A score of 0.5 indicates a tie, a score of 1.00 would indicate all votes fell to the first contestant, and a score of 0.00 would indicate all votes fell to the second.

If ordered_input was set when the object was created, then contests must be added in order of most relevance (scores furthest from 0.50) to least relevance (scores closest to 0.50). Adding scores out of order when ordered_input is set will result in an exception.

Scores of exactly 0.5 result in the contestants being added to the graph, but no edge being drawn.

winner

  my $winner = $rp->winner;

This returns the 'winner' of the competition. This always returns a single result, and does not check for draws. Use strict_winners (below) if a draw may exist.

strict_winners

  my @winners = $rp->strict_winners;

In some cirumstances two or more entries can be considered a draw. This method returns an array to all the winners of a contest. In most circumstances this will be a single entry.

rankings

   my @results = $rp->rankings;

This method returns an ordered list of contestents, with the winner in position 0. Ties are ignored; if two or more entries are tied they will be returned adjacent to each other, but in an indeterminate sequence. Use strict_rankings if tie detection is required.

strict_rankings

  my @results = $rp->strict_rankings;

This method returns an ordered list of lists. Each element contains a reference to all contestants at that position. This will usually be a single element, but may contain multiple entries in the case of draws.

better_than

  my @higher_ranked = $rp->better_than("Alice");

This function returns all the nodes that directly beat the given node with significance. In terms of graphs, these are all the nodes that have the given node as its destination (ie, its predecessors).

worse_than

  my @lower_ranked = $rp->worse_than("Alice");

This function returns all nodes that are directly beaten by the given node. In terms of graphs, these are the nodes successors.

compile

  $rp->compile;

This method will construct the underlying graph needed to find results. This method has no effect if the object was created with ordered_input set to true.

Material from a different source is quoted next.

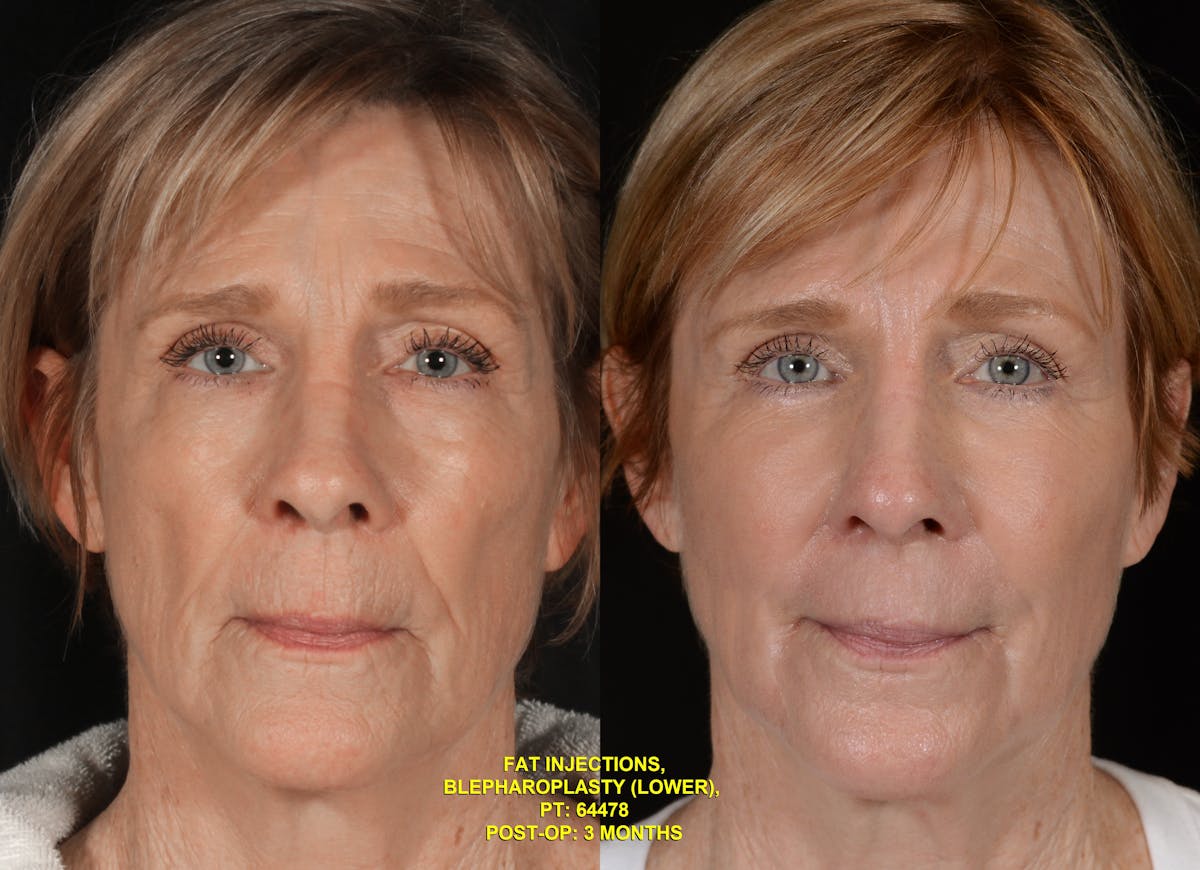 TCA Peel Before & After Gallery - Patient 342985 - Image 1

Normally there is no need to call this method by hand. It is automatically from any function that needs a compiled graph.

graph

  my $graph = $rp->graph;

Returns the underlying Graph object used. This isn't a copy of the object, it is the object, so be careful if you plan on making changes to it.

BUGS ^

Calling any method besides from add will cause the graph to be compiled, at which point any significant edges become "locked". Adding edges after this point will result in them being considered less significant than any edges present at the time of the compile, regardless of their majority.

Rankings are obtained by repeatedly removing source nodes from the graph. An alternate (but much slower) way of producing rankings would be to recompile the entire graph without those nodes entirely. In some circumstances this may produce different results for the runner-ups.

This is not a definitive list of bugs.

SEE ALSO ^

The Graph module.

http://en.wikipedia.org/wiki/Ranked_Pairs - Wikipedia article on Ranked Pairs.

http://condorcet.org/rp/ - Ranked Pairs discussion at Condorcet.org

http://en.wikipedia.org/wiki/Condorcet_method - Description of condorcet methods.

AUTHOR ^

Paul Fenwick, <pjf@cpan.org>

COPYRIGHT AND LICENSE ^

Copyright (C) 2007 by Paul Fenwick

This library is free software; you can redistribute it and/or modify it under the same terms as Perl itself, either Perl version 5.8.4 or, at your option, any later version of Perl 5 you may have available.